The Howard formula of a Liberal Party that unites both the conservative and liberal traditions seems lost these days, a victim of turbulence in the political system and social transformation. Put another way, the ultimate question is whether Howard’s successful party model can be reconstructed or whether it has been terminated by social change.
In the US and Australia today the idea of a common culture is eroding. Ultimately, this threatens both sides of both politics — Liberal and Labor — since their ability to hold together a majority coalition of voters across shared values becomes harder if not impossible. It is a bottom-up revolution that has a long way yet to run.
The American conservative writer Yuval Levin described this process in his 2016 book The Fractured Republic: “Our culture has been moved by an increasingly individualistic ideal and so by a drive for greater distinction, more customisation and the elevation of personal choice and identity. “The highest rated television program of the 1950s, I Love Lucy, earned a 67.3 Nielsen rating … in 1953. This meant that roughly 67 per cent of active television sets in the country were tuned to the program. By contrast, the highest rated program of the current decade, Sunday Night Football, maxed out at a 14.8 rating in 2014…The idea that the publication of a new novel by a leading author or the latest production by a noted playwright would be a huge cultural moment … now seems impossibly quaint. Such moments matter to the subcultures in which they emerge, but there is barely a mainstream culture at all to receive them.
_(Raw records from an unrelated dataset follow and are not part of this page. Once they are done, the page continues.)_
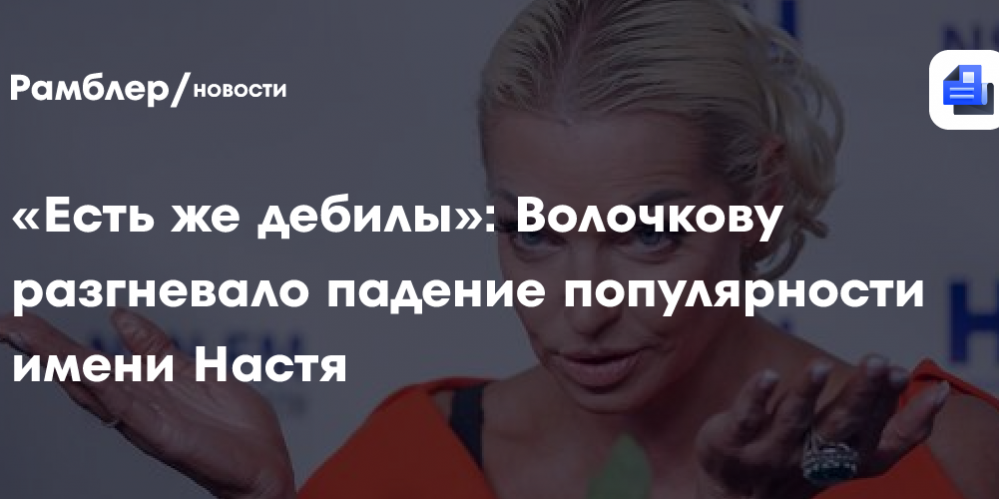 «Есть же дебилы»: Волочкову разгневало падение популярности имени Настя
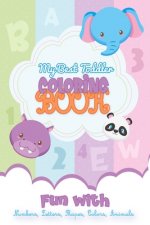 My best Toddler Coloring Book Fun with Numbers, Letters, Shapes, Colors, Animals: Preschoolers notebook Fun-Schooling Journal / Smart learning kids ag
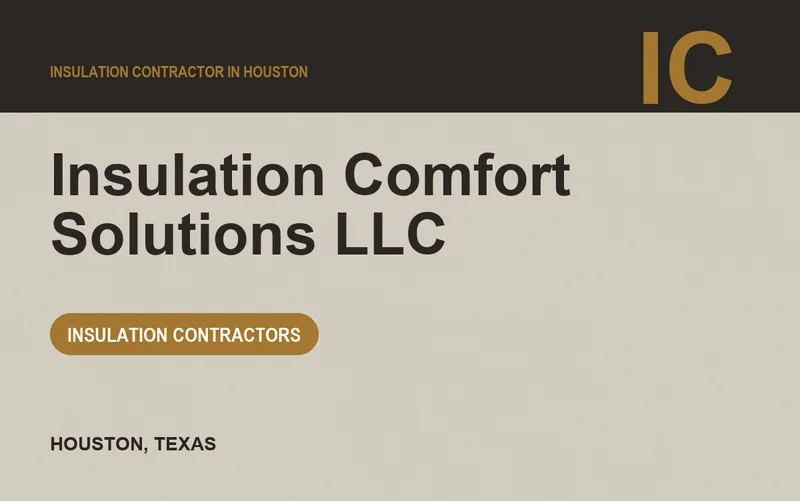 Insulation Comfort Solutions LLC in Houston, Texas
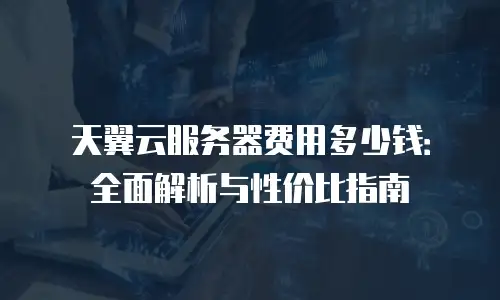 天翼云服务器费用多少钱：全面解析与性价比指南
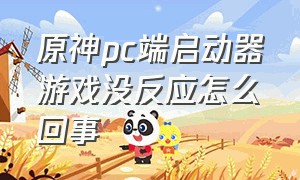 原神pc端启动器游戏没反应怎么回事（原神pc端启动器游戏没反应怎么回事儿）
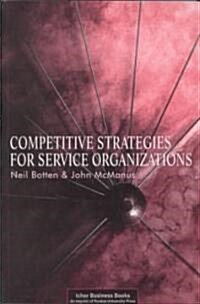 Competitive Strategies for Service Organizations (Paperback)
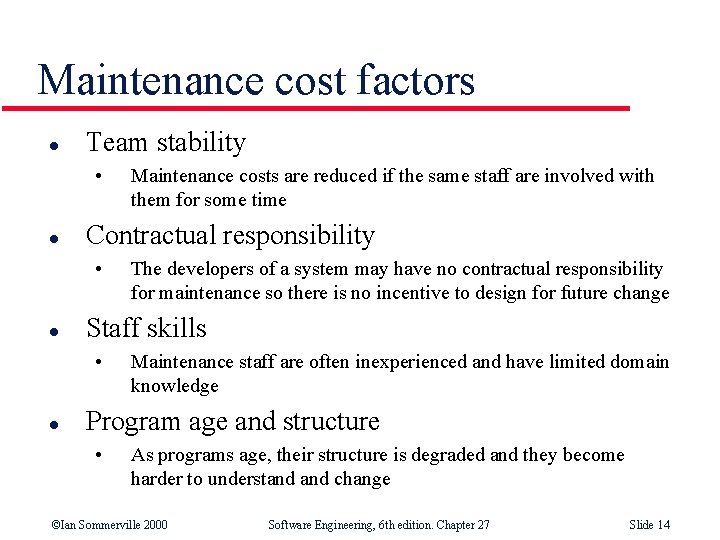 Maintenance cost factors l Team stability • l Contractual responsibility • l The developers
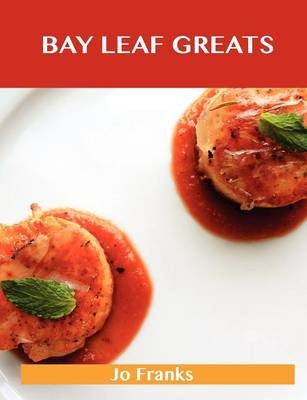 Bay Leaf Greats: Delicious Bay Leaf Recipes, The Top 98 Bay Leaf Recipes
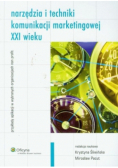 Narzędzia i techniki komunikacji marketingowej XXI wieku
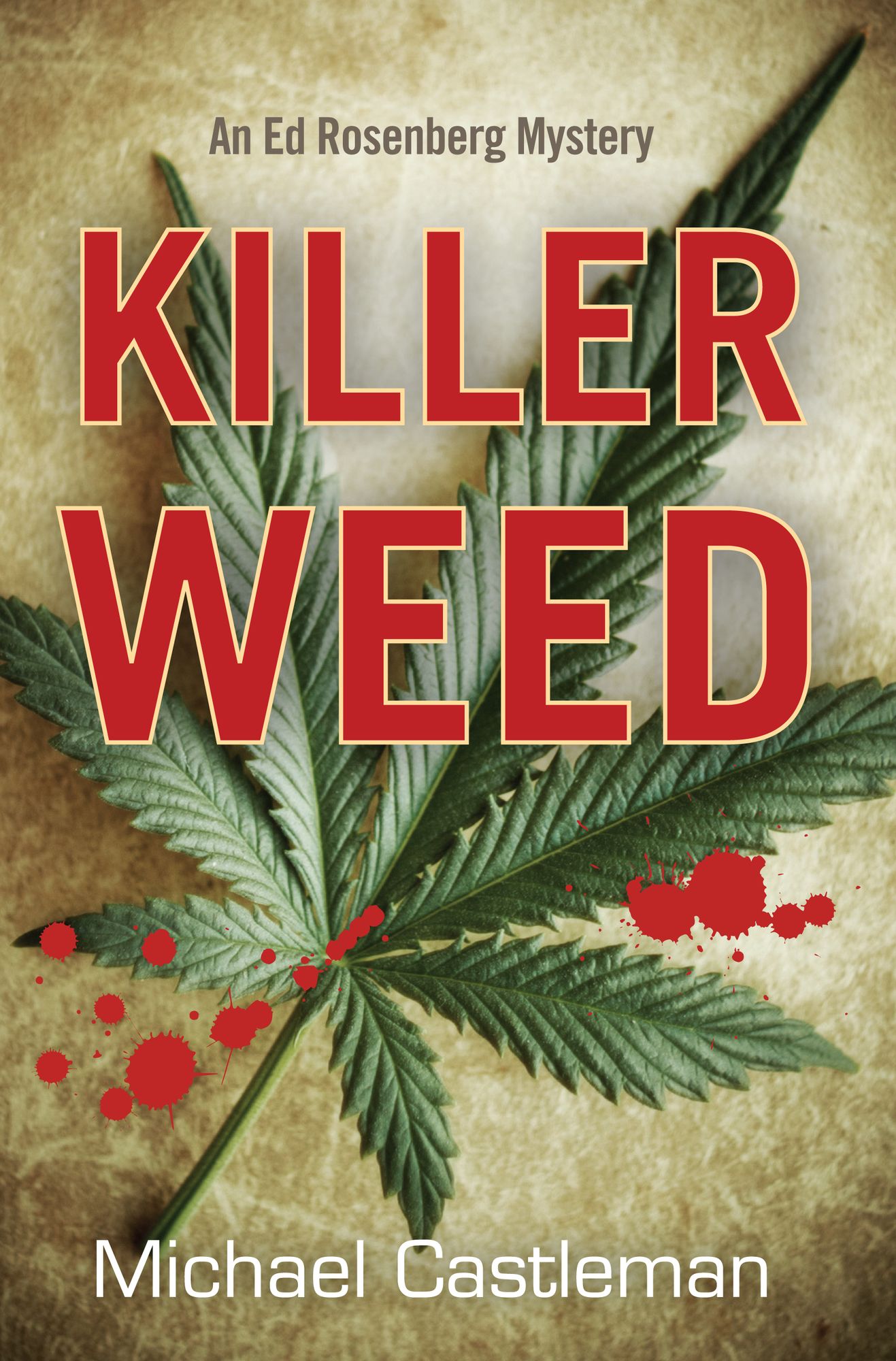 Killer Weed: An Ed Rosenberg Mystery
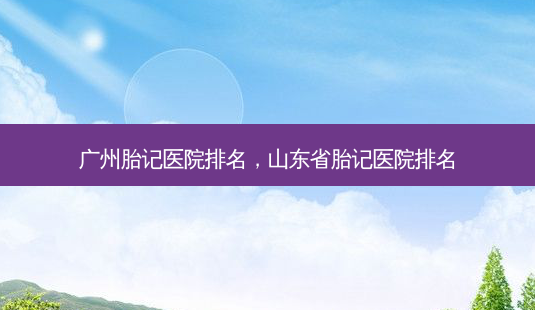 广州胎记医院排名,山东省胎记医院排名-第1张图片-美呗严选网 广州胎记医院排名,山东省胎记医院排名-第1张图片-美呗严选网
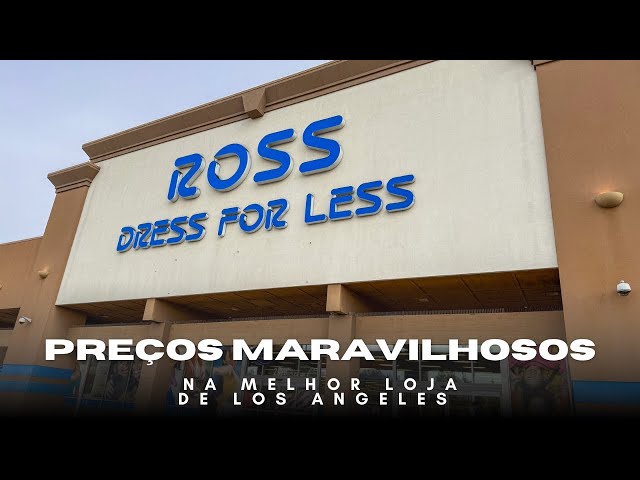 ROSS A MELHOR LOJA DE DEPARTAMENTO de LOS ANGELES - ROUPA E CALÇADO DE MARCA com Preços INCRÍVEIS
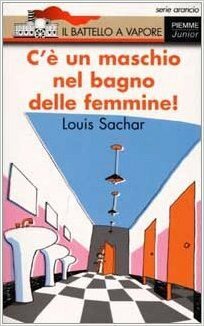 C'è un maschio nel bagno delle femmine! by Louis Sachar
“The internet has been developing in our time in ways perfectly suited to advance this process of fragmentation …As each of us is encouraged by our culture, economy and politics to be more like our individual selves, we are naturally inclined to recoil from any demands that we conform to the requirements of some external moral standard — a set of rules that keeps ‘me’ from being ‘the real me’.”
This stretches to breaking point Edmund Burke’s concept of conservatism as a contract to transit time-honoured values and traditions: “It is a partnership in all science; a partnership in all art; a partnership in every virtue … it becomes a partnership not only between those who are living but between those who are living, those who are dead and those who are to born.”
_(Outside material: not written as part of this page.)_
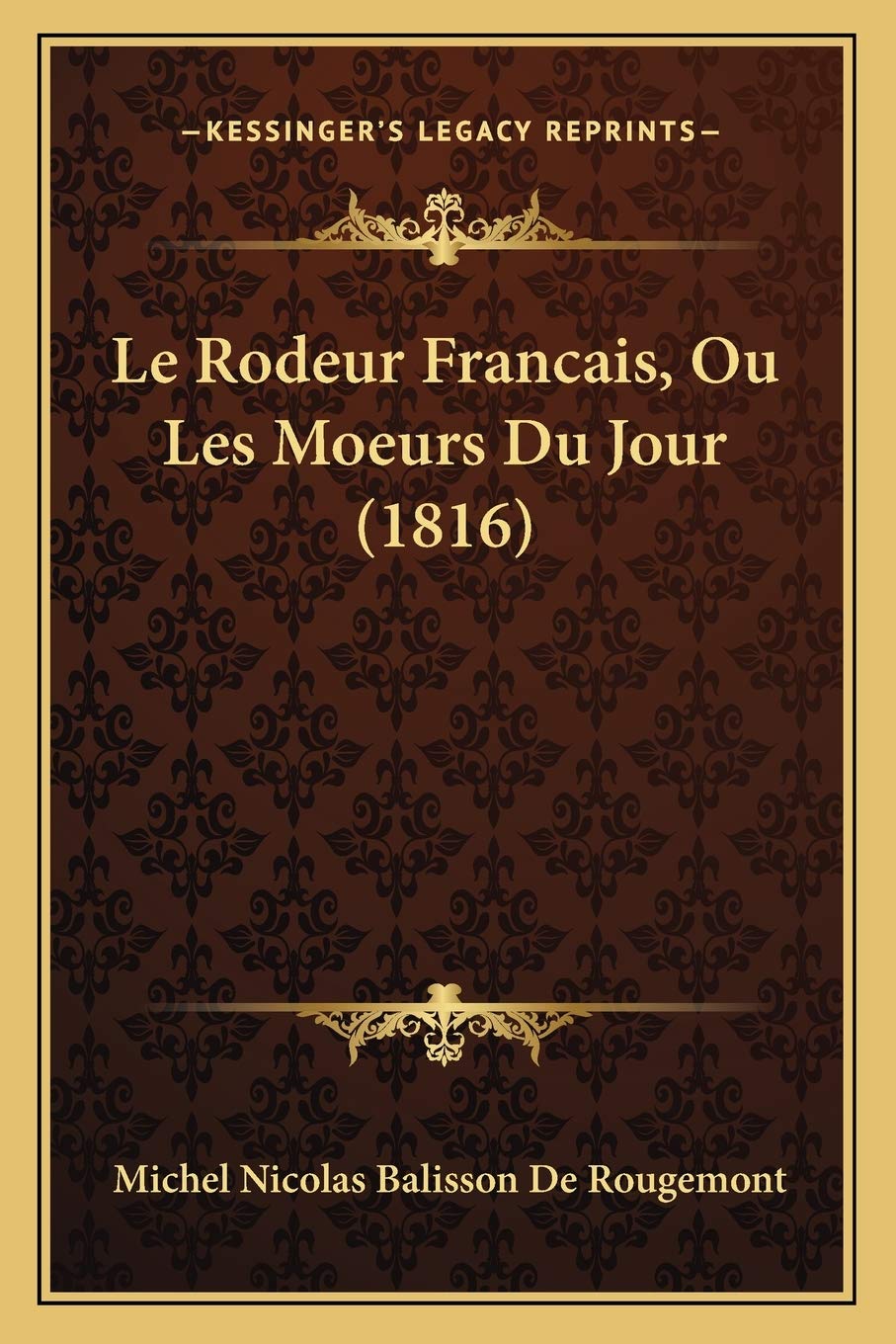Le Rodeur Francais, Ou Les Moeurs Du Jour (1816) book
This cannot apply to a society where individuals practise “living my truth” with as much emotion as possible — emotion now widely accepted as proof of sincerity. As our shared moral culture recedes, it is replaced by individuals being true to themselves and having the “courage” to reveal their authentic self to all and sundry.
The issue for conservatism has been its paralysis before this gobsmacking rise in individual expressionism and its violation of Christian views of human nature. The first warning signs came from the pro-market economic-based individualism of the 1980s and then in the culturally based individualism of the past 20 years.
The crisis of conservatism is a moral crisis. This has been apparent since the 90s in Australia, and the inability of conservatives to recognise and respond has been remarkable. Warning about the unpopularity of necessary economic reform after the loss of the 1993 election dominated by the Liberal Party’s free-market Fightback! agenda, the leader of the “dries” John Hyde said: “What Liberals must do is explain these policies in moral terms: in terms of the liberty of workers, of a fair shake for unprotected industry, of justice for all and compassion for the needy.”
They failed. Reflect 20 years later on the inability of today’s Liberal Party to explain its policies in moral terms. From budget repair to inequality to climate change to same-sex marriage, the progressives win because they make a moral appeal — witness their campaigns around the need for compassion and fairness, egalitarianism, saving the planet and marriage equality. These became moral crusades.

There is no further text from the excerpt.